I agree with you on taking the dogs everywhere issue. I was in a store the other day and I turn around and see this little yapper dog in this guy's arm. COME ON! GET TEH DOG OUT RIGHT NOW! If I were the store manager I would escort them out and say they are welcome without pookie. Sorry, store policy. 

PEOPLE LEAVE YOUR YAPPERS AT HOME! THEY DO NOT BELONG INSIDE PUBLIC GATHERINGS! Unless....they are a bonified service animal.


----------



## misfit (Apr 5, 2004)

the city was proposing a new leash law last year,but i haven't heard if anything has come of it.they were also considering installing special fenced areas at a few parks,for people to run the dogs.but i think they were still trying to put a special clause in,which would still allow uleashed dogs,if the owner could prove they could control their dog  
DUH!!!
from what i've seen at antrim,most CAN control them if they want to,but they just DON'T want to.they'd rather let them be a nuisance to others and a danger to themselves,and judging from some of the people i've seen there,it's almost like they're hoping for a confrontation,by letting their dogs do the things they do  

no wonder i stay away.next time the wife wants a trout dinner,she can go krogering.


----------



## misfit (Apr 5, 2004)

> PEOPLE LEAVE YOUR YAPPERS AT HOME! THEY DO NOT BELONG INSIDE PUBLIC GATHERINGS!


 hey now.that ain't fair  
one of my best bar hoppin' buddies years ago,was my boxer.she was a cool drunk,and never bothered anyone.she'd just get drunk and pass out  

ps..............and she wasn't a yapper,she was a WOOFER


----------



## crankus_maximus (Apr 14, 2004)

See rick, you know the difference between a yapper and a woofer.
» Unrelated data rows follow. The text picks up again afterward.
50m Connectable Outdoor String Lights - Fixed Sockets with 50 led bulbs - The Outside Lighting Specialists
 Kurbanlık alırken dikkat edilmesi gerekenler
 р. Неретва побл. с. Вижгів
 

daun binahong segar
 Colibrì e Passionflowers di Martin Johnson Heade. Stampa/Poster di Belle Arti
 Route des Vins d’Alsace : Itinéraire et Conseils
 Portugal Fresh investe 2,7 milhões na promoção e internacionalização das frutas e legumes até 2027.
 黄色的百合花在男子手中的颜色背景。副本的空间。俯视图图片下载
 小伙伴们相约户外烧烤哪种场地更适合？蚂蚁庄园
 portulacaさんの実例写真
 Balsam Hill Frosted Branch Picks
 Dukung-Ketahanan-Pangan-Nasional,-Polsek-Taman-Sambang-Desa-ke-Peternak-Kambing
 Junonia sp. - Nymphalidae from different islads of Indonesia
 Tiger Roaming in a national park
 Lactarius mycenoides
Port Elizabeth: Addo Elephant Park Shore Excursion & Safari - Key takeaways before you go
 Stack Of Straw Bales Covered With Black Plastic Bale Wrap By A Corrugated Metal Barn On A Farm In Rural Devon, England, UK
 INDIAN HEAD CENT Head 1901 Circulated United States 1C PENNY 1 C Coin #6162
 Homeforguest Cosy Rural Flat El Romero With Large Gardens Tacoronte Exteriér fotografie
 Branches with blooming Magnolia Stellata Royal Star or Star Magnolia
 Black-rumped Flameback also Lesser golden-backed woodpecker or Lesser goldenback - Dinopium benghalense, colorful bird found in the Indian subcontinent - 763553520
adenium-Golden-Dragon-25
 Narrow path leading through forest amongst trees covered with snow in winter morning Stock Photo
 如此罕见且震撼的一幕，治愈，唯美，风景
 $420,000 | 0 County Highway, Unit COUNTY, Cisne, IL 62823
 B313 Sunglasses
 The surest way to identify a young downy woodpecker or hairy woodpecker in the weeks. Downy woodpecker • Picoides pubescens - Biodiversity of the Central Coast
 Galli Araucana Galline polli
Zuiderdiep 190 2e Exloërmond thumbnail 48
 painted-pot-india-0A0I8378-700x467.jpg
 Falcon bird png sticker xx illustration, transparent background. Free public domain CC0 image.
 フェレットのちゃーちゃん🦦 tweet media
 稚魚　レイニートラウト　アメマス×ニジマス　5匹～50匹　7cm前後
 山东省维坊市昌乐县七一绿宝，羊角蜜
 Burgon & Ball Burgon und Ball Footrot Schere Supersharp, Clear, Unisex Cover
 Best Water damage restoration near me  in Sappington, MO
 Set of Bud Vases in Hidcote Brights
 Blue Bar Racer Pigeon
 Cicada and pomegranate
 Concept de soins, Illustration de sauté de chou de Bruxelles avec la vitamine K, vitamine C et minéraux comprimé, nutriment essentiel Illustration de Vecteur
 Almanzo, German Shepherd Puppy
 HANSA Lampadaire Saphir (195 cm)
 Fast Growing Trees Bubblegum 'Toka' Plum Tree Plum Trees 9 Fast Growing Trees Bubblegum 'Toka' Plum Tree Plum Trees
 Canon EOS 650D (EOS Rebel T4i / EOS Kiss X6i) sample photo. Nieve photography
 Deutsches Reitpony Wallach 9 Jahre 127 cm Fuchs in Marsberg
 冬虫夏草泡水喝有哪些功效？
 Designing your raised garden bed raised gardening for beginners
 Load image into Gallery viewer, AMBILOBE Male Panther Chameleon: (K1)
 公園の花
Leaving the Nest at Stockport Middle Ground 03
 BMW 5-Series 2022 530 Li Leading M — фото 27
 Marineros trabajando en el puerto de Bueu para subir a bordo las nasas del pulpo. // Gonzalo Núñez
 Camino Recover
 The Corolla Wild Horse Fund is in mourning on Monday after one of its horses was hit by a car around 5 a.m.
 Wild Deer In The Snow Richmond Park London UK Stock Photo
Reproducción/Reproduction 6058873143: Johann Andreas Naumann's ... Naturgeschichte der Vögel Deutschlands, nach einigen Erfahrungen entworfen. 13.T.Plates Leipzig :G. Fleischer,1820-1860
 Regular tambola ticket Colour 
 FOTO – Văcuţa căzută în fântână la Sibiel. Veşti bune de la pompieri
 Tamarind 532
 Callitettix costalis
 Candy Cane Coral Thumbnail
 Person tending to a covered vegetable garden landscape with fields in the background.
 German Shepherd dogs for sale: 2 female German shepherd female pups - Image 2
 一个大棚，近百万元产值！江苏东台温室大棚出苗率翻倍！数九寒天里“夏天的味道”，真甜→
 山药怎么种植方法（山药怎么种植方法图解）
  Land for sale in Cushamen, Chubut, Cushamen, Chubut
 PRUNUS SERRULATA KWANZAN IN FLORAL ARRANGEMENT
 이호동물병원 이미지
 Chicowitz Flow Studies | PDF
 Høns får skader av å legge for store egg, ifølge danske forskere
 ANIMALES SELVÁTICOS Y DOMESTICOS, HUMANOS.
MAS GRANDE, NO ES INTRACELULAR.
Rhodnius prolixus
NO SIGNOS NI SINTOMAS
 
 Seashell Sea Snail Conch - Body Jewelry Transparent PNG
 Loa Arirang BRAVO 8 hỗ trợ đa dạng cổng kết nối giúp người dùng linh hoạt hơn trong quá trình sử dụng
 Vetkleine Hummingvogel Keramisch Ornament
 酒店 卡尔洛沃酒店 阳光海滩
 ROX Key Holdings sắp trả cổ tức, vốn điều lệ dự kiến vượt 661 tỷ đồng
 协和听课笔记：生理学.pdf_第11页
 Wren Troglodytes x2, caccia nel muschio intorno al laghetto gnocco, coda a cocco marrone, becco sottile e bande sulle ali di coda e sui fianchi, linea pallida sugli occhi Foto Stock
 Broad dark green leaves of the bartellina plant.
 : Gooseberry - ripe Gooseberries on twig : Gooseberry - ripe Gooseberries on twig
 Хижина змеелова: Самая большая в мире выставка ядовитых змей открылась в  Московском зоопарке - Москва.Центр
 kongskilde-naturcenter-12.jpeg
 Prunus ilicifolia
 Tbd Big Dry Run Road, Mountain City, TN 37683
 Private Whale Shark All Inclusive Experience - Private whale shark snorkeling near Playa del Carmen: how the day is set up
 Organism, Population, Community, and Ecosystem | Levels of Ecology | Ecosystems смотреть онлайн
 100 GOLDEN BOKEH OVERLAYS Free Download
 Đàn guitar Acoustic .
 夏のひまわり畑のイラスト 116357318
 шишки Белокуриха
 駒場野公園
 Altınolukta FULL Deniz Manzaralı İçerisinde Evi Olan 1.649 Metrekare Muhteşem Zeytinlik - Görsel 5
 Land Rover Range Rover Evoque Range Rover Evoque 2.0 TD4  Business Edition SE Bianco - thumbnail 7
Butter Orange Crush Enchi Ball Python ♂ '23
If it can be held in your arms for over 2 hours....it's a yapper.

My buddies lab will steal your beer if you're not careful. Her name is Jenna, and she is a drunk!


----------



## misfit (Apr 5, 2004)

yep.


> If it can be held in your arms for over 2 hours....it's a yapper.


 also,if you can walk around for 2 hours,with it hanging on your pant leg without noticing................it must be a yapper


----------



## HCF (Apr 7, 2005)

As stated its not the dogs fault just the stupid owner with no respect.


----------



## Rod&Reel (Jun 4, 2005)

crankus_maximus said:


> Warpath:
> 
> I agree with you on taking the dogs everywhere issue. I was in a store the other day and I turn around and see this little yapper dog in this guy's arm. COME ON! GET TEH DOG OUT RIGHT NOW! If I were the store manager I would escort them out and say they are welcome without pookie. Sorry, store policy.
> 
> PEOPLE LEAVE YOUR YAPPERS AT HOME! THEY DO NOT BELONG INSIDE PUBLIC GATHERINGS! Unless....they are a bonified service animal.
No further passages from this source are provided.